Jan 11, 2013 | Stock Market Outlook

Market direction this morning was weaker at the open and I did not expect that. I thought the market direction would pop higher and then fall as selling returned. The selling is very understandable. The S&P 500 is at a 5 year high as market direction grinds its way higher.  Many investors will want out. A lot of investors are concerned and worry that the market is too high. Still other investors and analysts paint a gloomy picture. But you have to ask yourself, if the Federal Reserve stops its bond buying program this year then they are seeing enough strength in the economy to make them wonder about inflation.

Market Direction and the Fed

By the way I read the minutes of the Federal Reserve report and they did not say they “were” stopping their bond buying program. They report indicated that some members thought it might no longer be necessary sometime in 2013, earlier than in 2014. They did not indicate it “will” be stopped. As well there is no mention of Mr. Bernanke. As well there is still the question of whether the Fed would “reduce” the bond buying program over a period of months which is not mentioned by any analysts or in their report.
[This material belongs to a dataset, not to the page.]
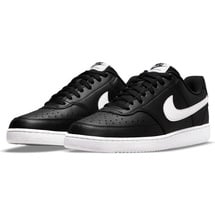 Nike Court Vision Low Next Nature Herren Black/Black/White 39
So the prediction by UBS that the bull market will end in 2013 because it is a “mature” bull market and inflation will return and the S&P will collapse back to 1100 or 1000 is truly anyone’s guess although they did a good job of making their analysis look like its worth the money analysts are paid.

Market Direction Intraday

Market direction intraday then is following the outlook of last’s night’s market direction technical indicators. Yesterday after the close I reported that the Fast Stochastic, Slow Stochastic, Ultimate Oscillator and Rate Of Change market direction technical indicators all pointed to sideways with a bias to up.

market direction 5 day chart

market direction 5 day chart of the S&P 500

The market direction 5 day S&P chart set for 5 minutes is above. You can see what is developing as the market direction is pushing higher. The red arrows show the obvious pattern of higher lows. This morning the pullback still stayed above the previous intraday low continuing the bullish pattern of the market direction moving higher. Meanwhile the blue arrows show the pattern of higher highs intraday. Today does not need to see a high, higher than yesterday, as long as today or Monday we do not see a lower low.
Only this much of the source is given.